(DATASET RECORDS begins)

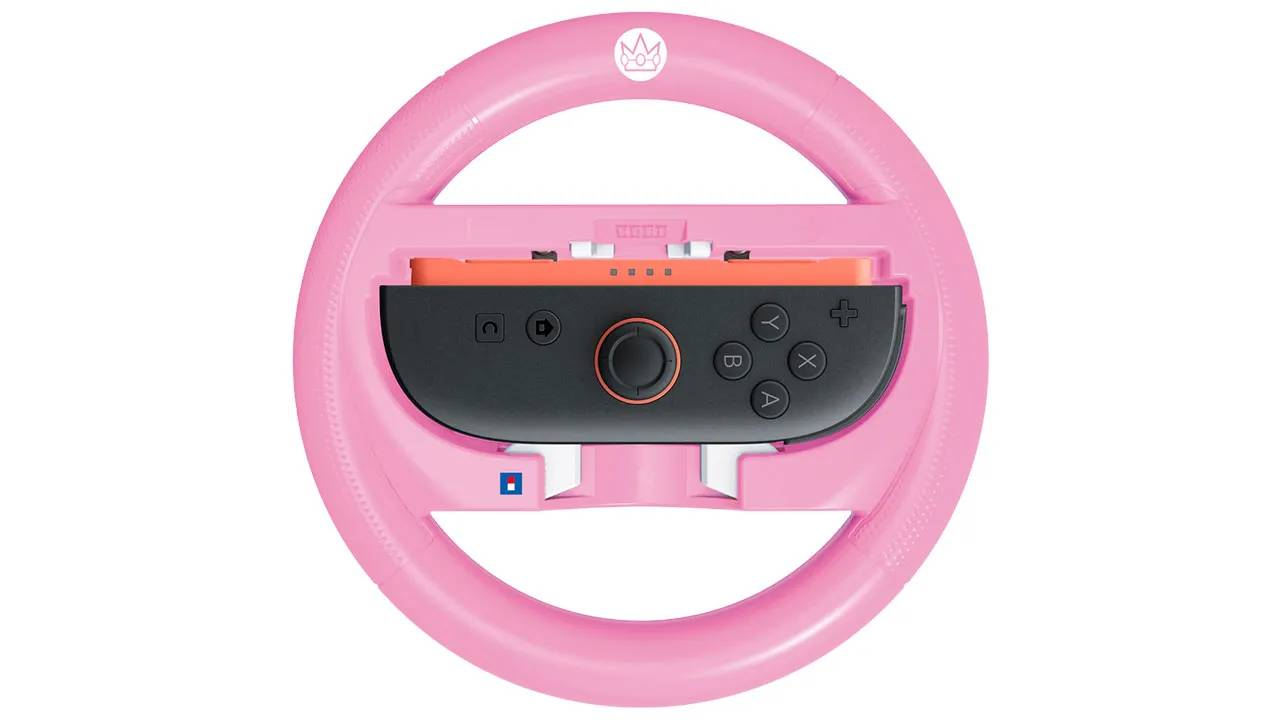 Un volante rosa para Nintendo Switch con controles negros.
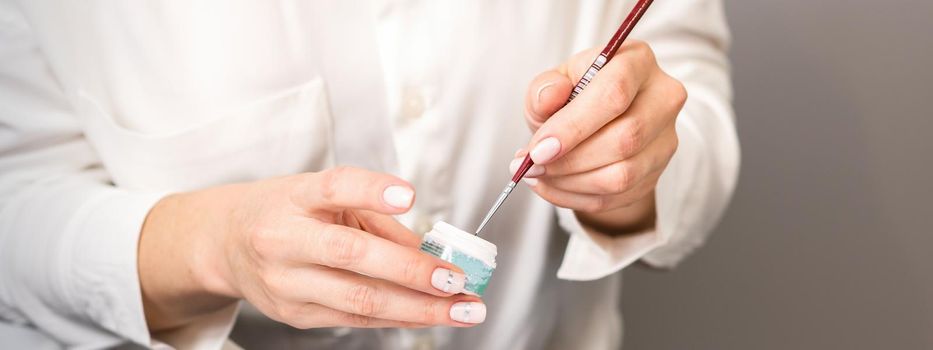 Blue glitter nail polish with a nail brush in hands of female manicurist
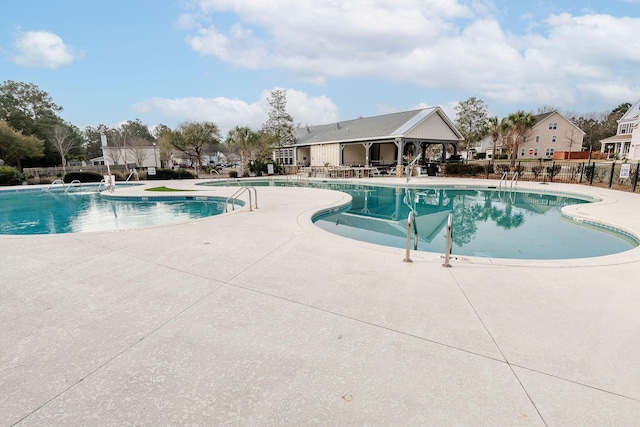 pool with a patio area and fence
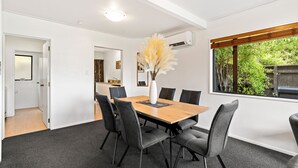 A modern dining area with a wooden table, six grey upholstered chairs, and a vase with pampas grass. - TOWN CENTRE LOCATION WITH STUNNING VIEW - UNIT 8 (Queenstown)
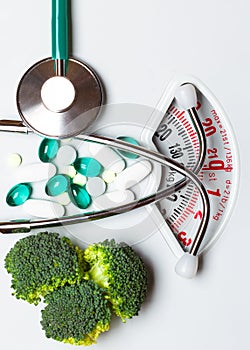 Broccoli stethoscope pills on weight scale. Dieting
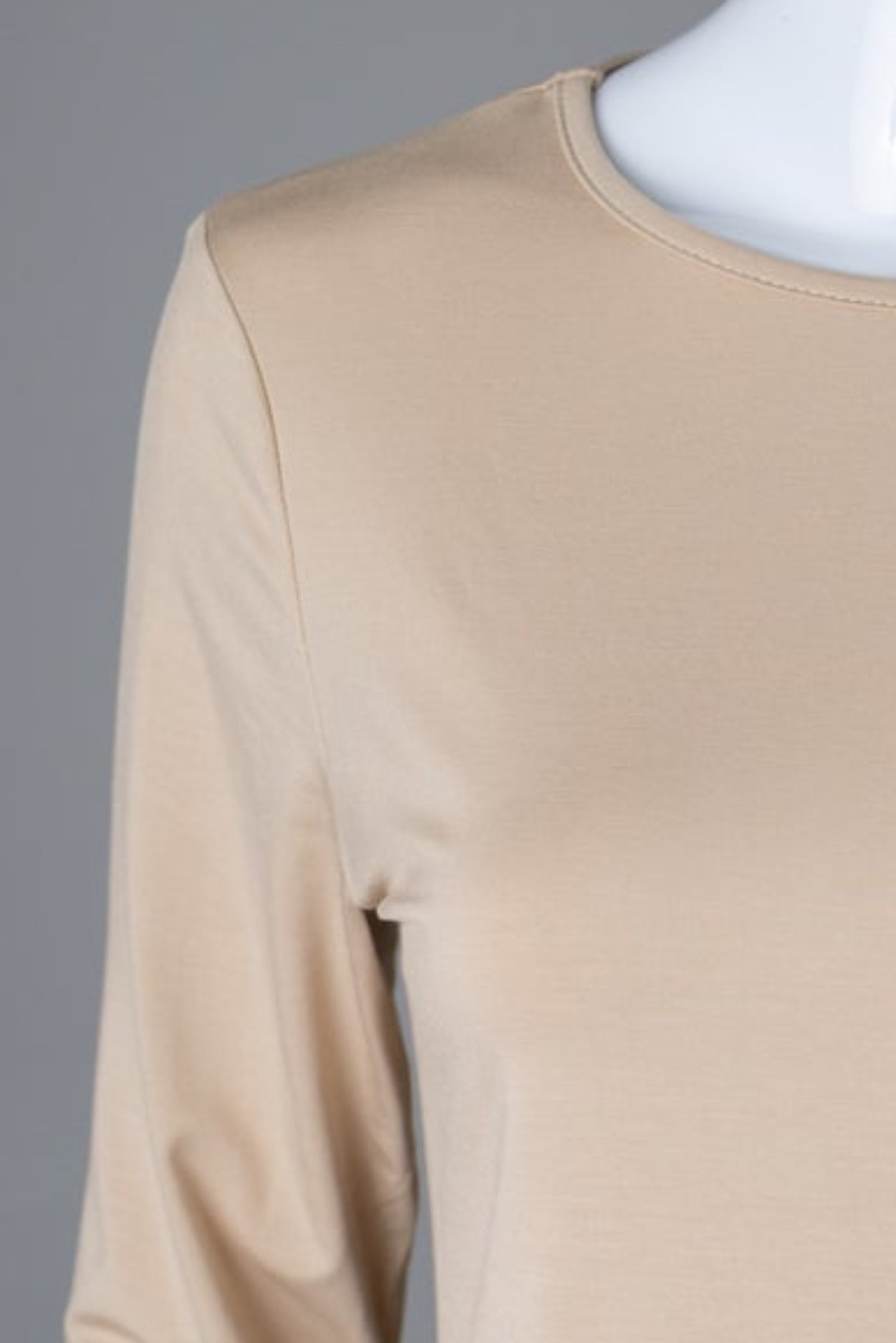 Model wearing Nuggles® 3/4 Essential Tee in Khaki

(DATASET RECORDS ends)

## EXERCISE PROMPT
Retype the entries verbatim and drop the pictures.

## TASK ANSWER
 Un volante rosa para Nintendo Switch con controles negros.
 Blue glitter nail polish with a nail brush in hands of female manicurist
 pool with a patio area and fence
 A modern dining area with a wooden table, six grey upholstered chairs, and a vase with pampas grass. - TOWN CENTRE LOCATION WITH STUNNING VIEW - UNIT 8 (Queenstown)
 Broccoli stethoscope pills on weight scale. Dieting
 Model wearing Nuggles® 3/4 Essential Tee in Khaki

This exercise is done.